## Given records

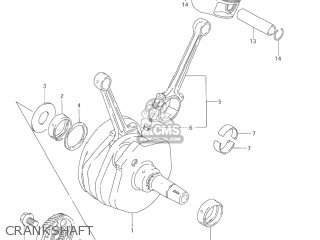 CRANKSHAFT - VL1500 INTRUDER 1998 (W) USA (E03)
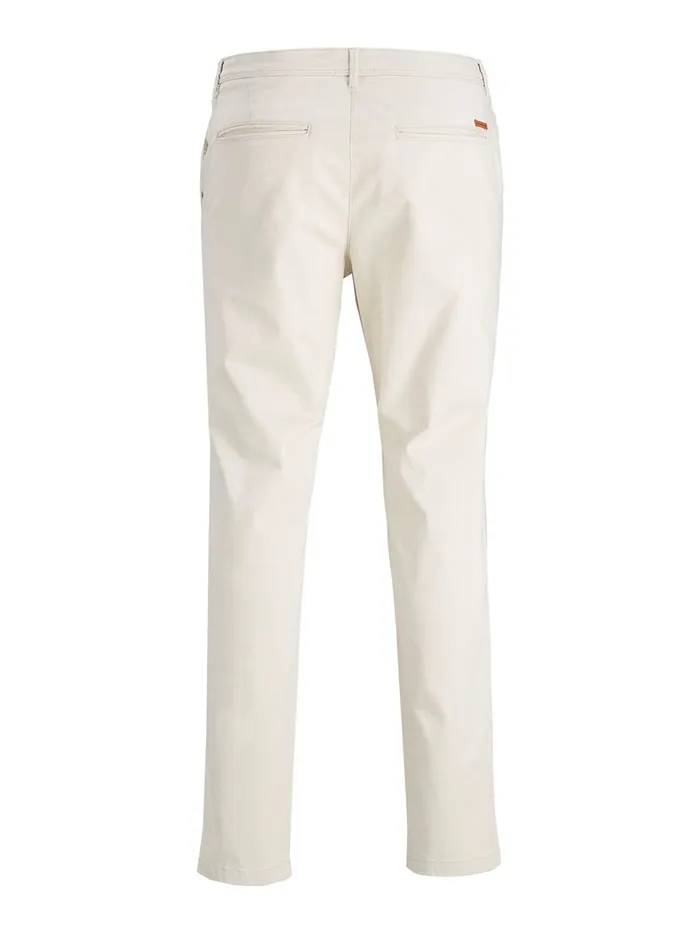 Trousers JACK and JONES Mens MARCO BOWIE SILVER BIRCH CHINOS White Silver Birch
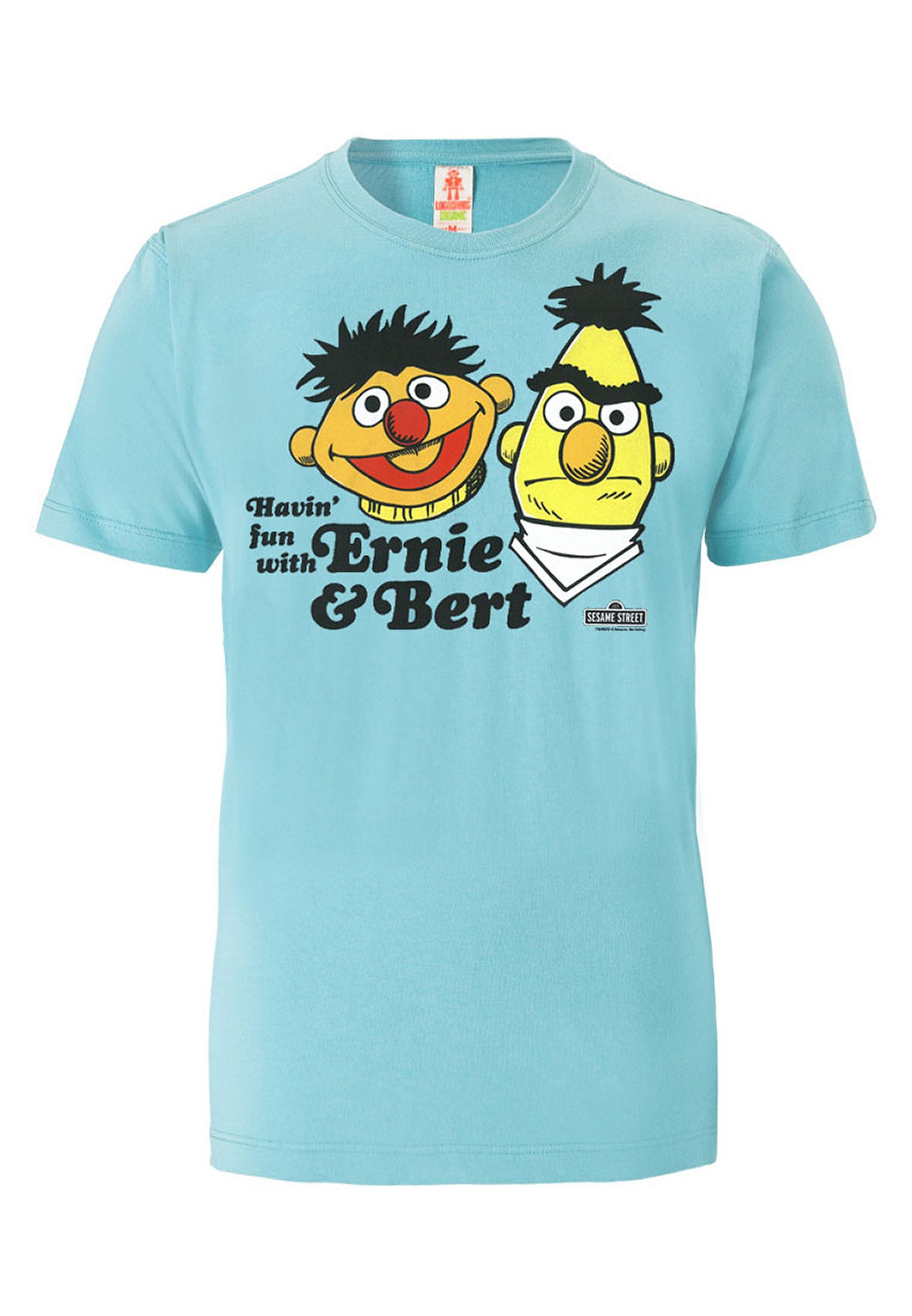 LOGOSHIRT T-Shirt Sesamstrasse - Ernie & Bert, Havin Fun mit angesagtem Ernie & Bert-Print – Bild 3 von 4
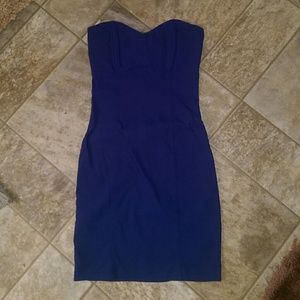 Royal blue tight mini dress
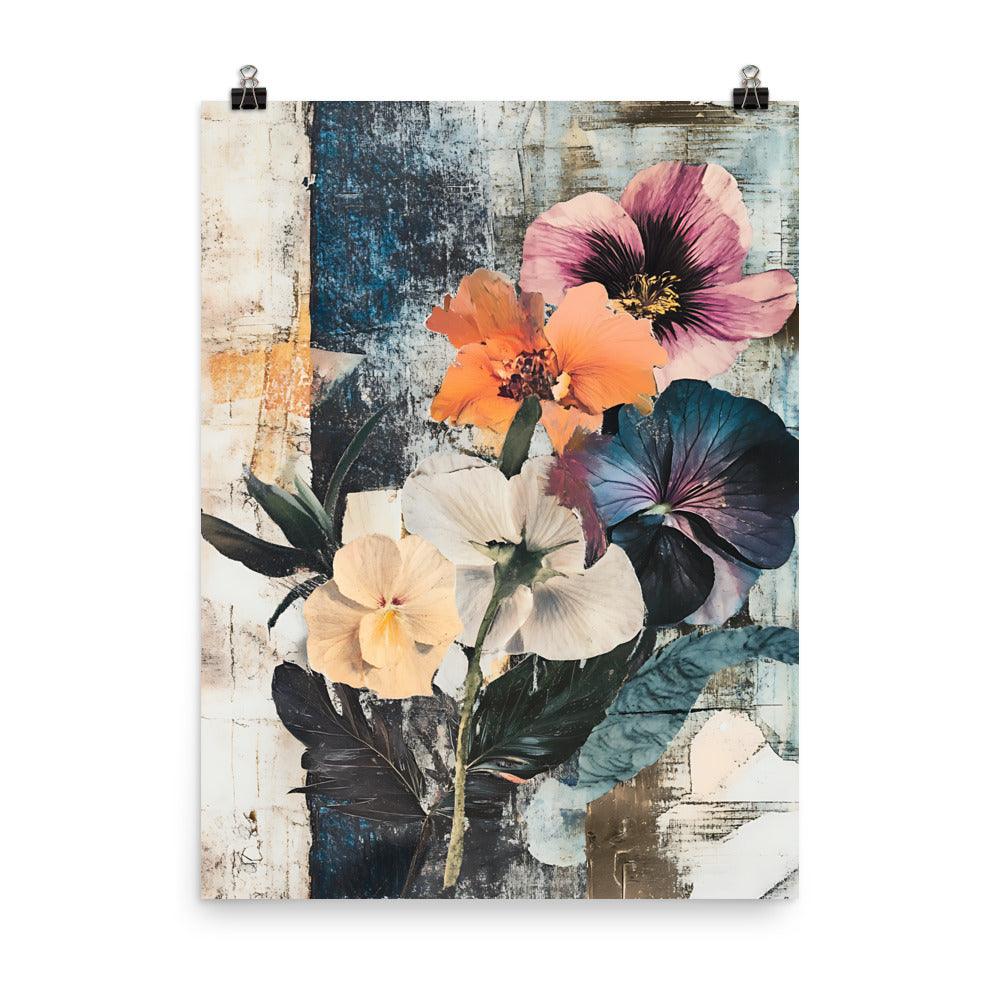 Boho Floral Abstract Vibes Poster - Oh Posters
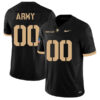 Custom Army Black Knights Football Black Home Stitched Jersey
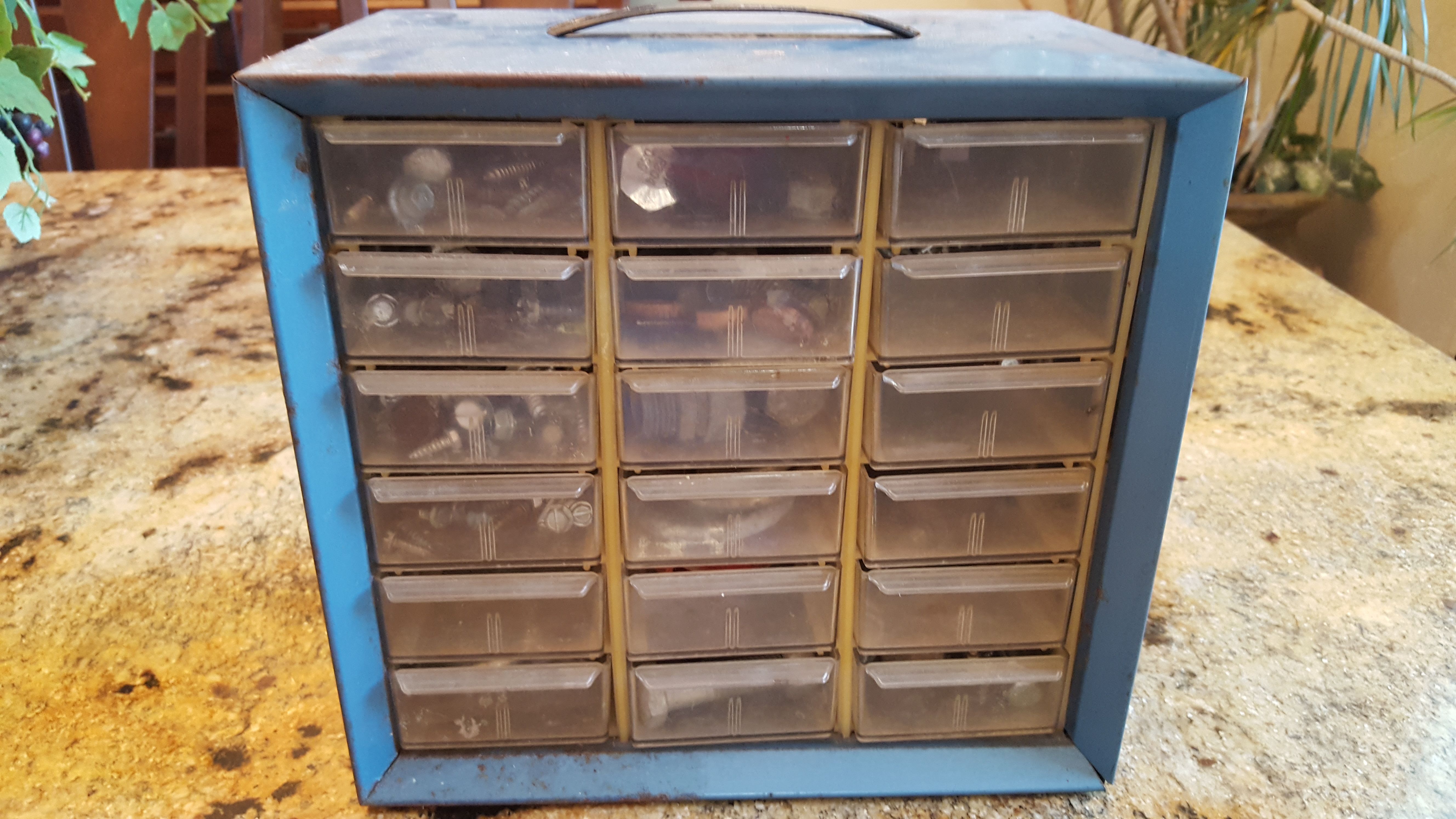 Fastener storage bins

## What needs to be done
Each line above should be returned exactly as written, apart from any pictures.

## Result of the exercise
 CRANKSHAFT - VL1500 INTRUDER 1998 (W) USA (E03)
 Trousers JACK and JONES Mens MARCO BOWIE SILVER BIRCH CHINOS White Silver Birch
 LOGOSHIRT T-Shirt Sesamstrasse - Ernie & Bert, Havin Fun mit angesagtem Ernie & Bert-Print – Bild 3 von 4
 Royal blue tight mini dress
 Boho Floral Abstract Vibes Poster - Oh Posters
 Custom Army Black Knights Football Black Home Stitched Jersey
 Fastener storage bins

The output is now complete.